Salah satu alat yang dapat membantu proses tersebut adalah teori Johari Window. Model ini mengajak seseorang untuk memahami dirinya melalui empat area kesadaran, yaitu area terbuka, area buta, area tersembunyi, dan area yang belum dikenal. Dalam konteks nilai GARUDA, guru diajak bertanya apakah perilakunya sudah mencerminkan nilai yang disepakati bersama atau justru masih terdapat kesenjangan yang belum disadari. Bisa jadi seseorang merasa sudah menunjukkan sikap kolaboratif, tetapi rekan kerja melihat hal yang berbeda. Karena itu, Johari Window membantu membuka ruang refleksi yang lebih jujur dan objektif.
Melalui Johari Window, umpan balik dari rekan sejawat menjadi sumber pembelajaran yang sangat berharga. Ketika guru menerima masukan mengenai kebiasaan, pola komunikasi, atau sikap kerja yang selama ini tidak disadari, area buta dalam dirinya mulai mengecil. Proses ini membutuhkan kerendahan hati karena tidak semua umpan balik terasa nyaman untuk diterima. Namun, budaya belajar yang sehat justru tumbuh ketika individu berani melihat dirinya dari perspektif orang lain. Dengan demikian, nilai GARUDA mulai diterjemahkan ke dalam perilaku yang dapat diamati dan diperbaiki bersama.

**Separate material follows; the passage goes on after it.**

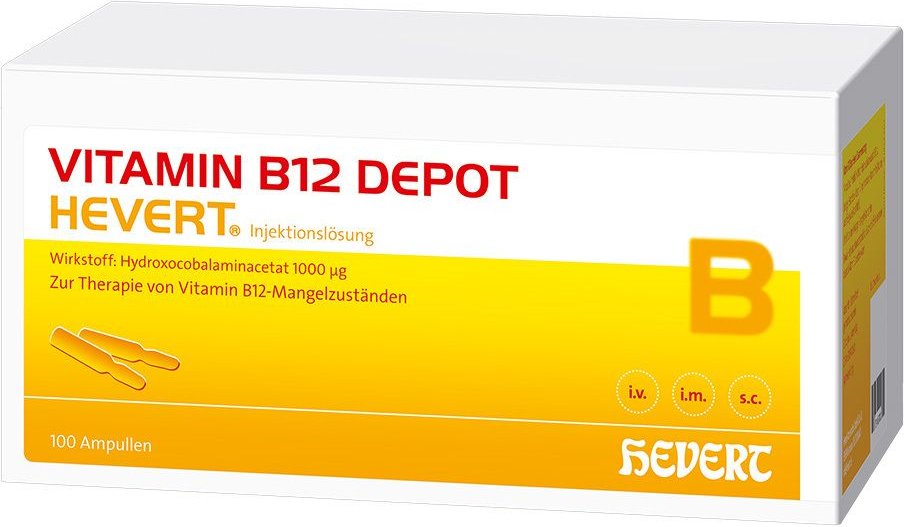 Vitamin B12 Depot Hevert Ampullen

Kesadaran diri yang dibangun melalui Johari Window perlu dilanjutkan dengan kemampuan metakognisi. Metakognisi adalah kemampuan untuk menyadari, memantau, dan mengevaluasi proses berpikir serta tindakan yang dilakukan. Jika Johari Window membantu menjawab pertanyaan “Bagaimana orang lain melihat saya?”, maka metakognisi membantu menjawab pertanyaan “Mengapa saya berpikir dan bertindak seperti itu?”. Kedua pendekatan ini saling melengkapi dalam membangun kesadaran profesional guru. Oleh sebab itu, refleksi yang mendalam menjadi jembatan antara nilai dan perubahan perilaku.
Dalam praktiknya, metakognisi mendorong guru untuk secara rutin mengevaluasi keselarasan antara nilai dan tindakan. Guru dapat bertanya kepada dirinya sendiri apakah keputusan yang diambil hari ini sudah mencerminkan semangat GARUDA. Ia juga dapat merefleksikan bagaimana cara berkomunikasi, memimpin pembelajaran, atau bekerja sama dengan rekan sejawat. Pertanyaan-pertanyaan sederhana tersebut membantu nilai yang disepakati tidak hilang dalam kesibukan rutinitas sehari-hari. Dengan kata lain, metakognisi menjaga agar nilai tetap hidup dalam setiap tindakan.
Ketika Johari Window dan metakognisi dijalankan secara konsisten, nilai GARUDA tidak lagi menjadi konsep yang abstrak. Nilai tersebut mulai terlihat dalam cara guru berdiskusi, menerima kritik, menyelesaikan masalah, dan mengambil keputusan. Perubahan perilaku individu kemudian memengaruhi interaksi antarindividu, yang pada akhirnya membentuk kebiasaan bersama. Kebiasaan yang terus dipraktikkan akan berkembang menjadi budaya sekolah yang kuat. Dari sinilah transformasi sekolah berlangsung secara bertahap dan berkelanjutan.
Budaya sekolah yang kuat tidak dibangun oleh aturan semata, melainkan oleh individu-individu yang terus belajar dan bertumbuh. Nilai GARUDA memberikan arah, Johari Window membantu membangun kesadaran diri, dan metakognisi menjaga proses refleksi agar terus berlangsung. Ketiganya membentuk sebuah siklus pengembangan yang saling menguatkan. Ketika siklus ini menjadi bagian dari kehidupan sekolah, maka nilai tidak lagi sekadar dihafal, tetapi benar-benar dihidupi. Pada akhirnya, budaya sekolah yang unggul lahir ketika setiap warga sekolah mampu menyelaraskan nilai, kesadaran, dan tindakan dalam kehidupan sehari-hari.